Both Ashley and Christopher "were removed from the custody of their mother, Lesley W on April 19, 1993 as a result of an allegation of neglect." (Mot. to Remove Peter L. as "Next Friend", Ex. A (Niles Aff.) ¶ 4.) "The Manchester district court granted temporary custody of the children to DCYF on April 21, 1993. An adjudicatory hearing was held on July 28, 1993 at which time a finding of neglect was made." (Id. ¶ 5.) The district court awarded legal custody of the children to DCYF, and they have remained in the custody of DCYF ever since. Plaintiff challenged the legality of the Manchester District Court's award of custody to DCYF, on grounds that he never received proper notice that custody was to be adjudicated. But, in a memorandum decision dated October 15, 2001, his petition for a writ of certiorari to the Supreme Court of New Hampshire was denied by the United States Supreme Court. Peter L. v. Rollins, 122 S.Ct. 399 (2001).

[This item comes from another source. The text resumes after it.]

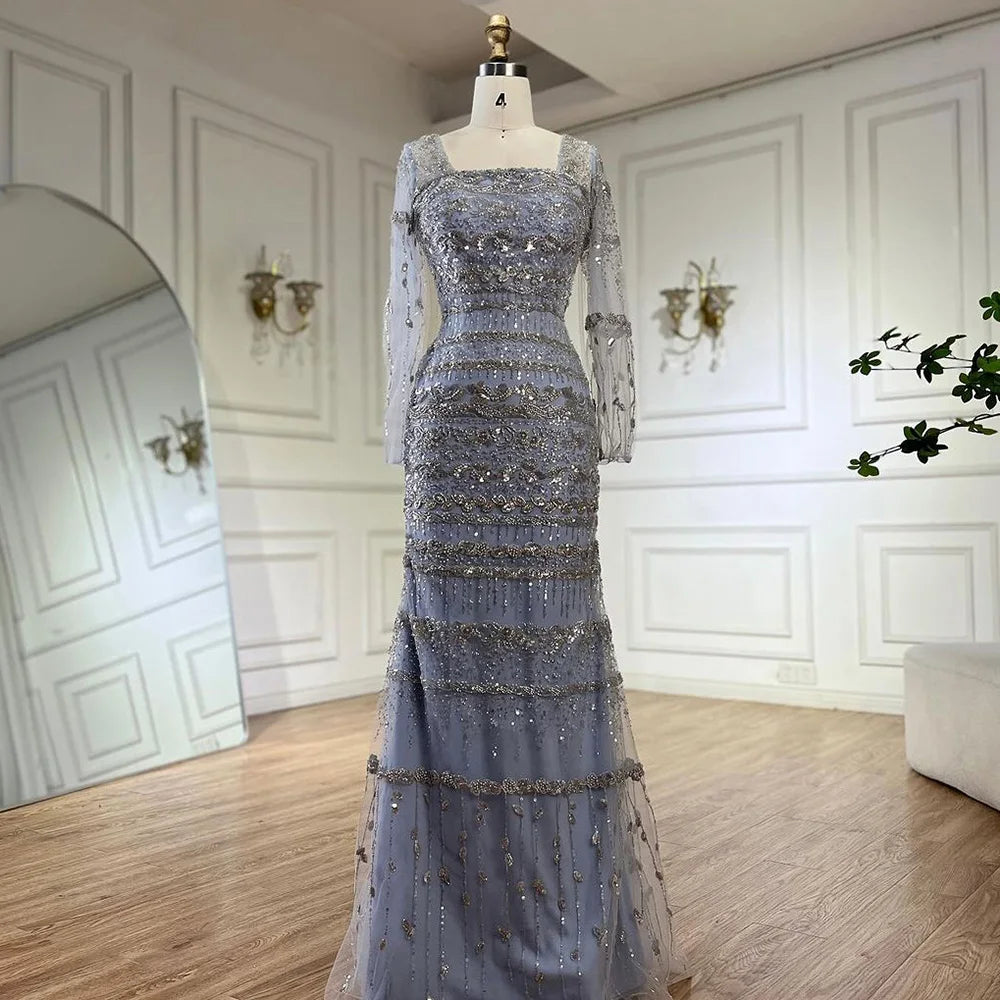Luxury Sage Green Arabic Mermaid Evening Dress Dubai LA72126A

According to plaintiff, his petition to the United States Supreme Court requested review of both the 1993 award of custody to DCYF by the Manchester District Court and the Hillsborough County Probate Court's February 14, 2001, decision (discussed infra) to terminate his parental rights over Ashley and to deny his petition for guardianship over Christopher. (Obj. to Mot to Remove Peter L. as "Next Friend" ¶ 10.)

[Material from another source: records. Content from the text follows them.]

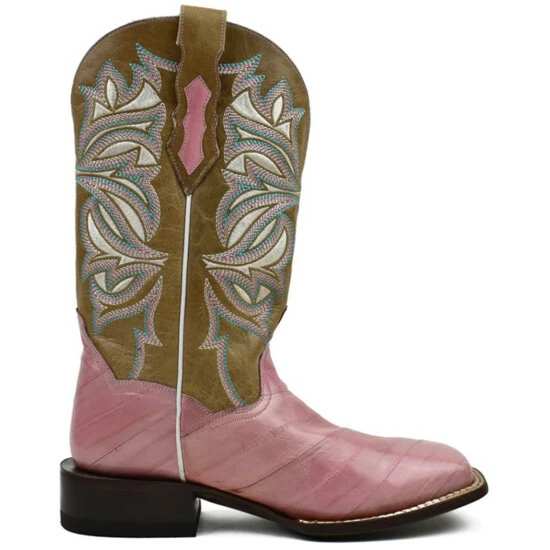 Hot Sale π Dan Post π© Women's Eel Exotic Western π₯Ύ Boots - Broad Square Toe Pink π― - Image 2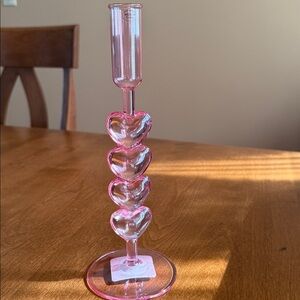 Pink Heart Glass Candle Holder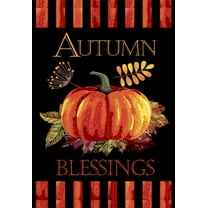 Fall House Flag with Pumpkin - Autumn Blessings Double Sided Decorative Flag 28x40 Inch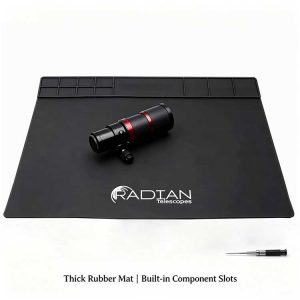 Telescope repair mat with 15 individual sorting compartments for small hardware and screws.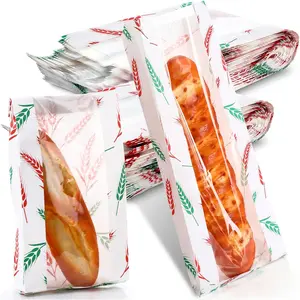 100 count  Bread Bags Bulk with Window for Homemade, 18 x 6.5 x 2 Inch Long Paper Bags for  Bread for Bakery Storage Brown  Loaf Biscuits Packaging (White Red Green)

On February 14, 2001, acting on petitions filed by both DCYF and plaintiff, the Hillsborough County Probate Court issued an order that: (1) terminated plaintiff's parental rights over Ashley; (2) denied plaintiff's request for guardianship over Christopher; (3) directed Patricia Quigley, Esq., to continue serving as the children's guardian ad litem; and (4) directed DCYF to refer the children to the Division's Adoption Unit. (Mot. to Remove Peter L. as "Next Friend", Ex. B. at 18-20.)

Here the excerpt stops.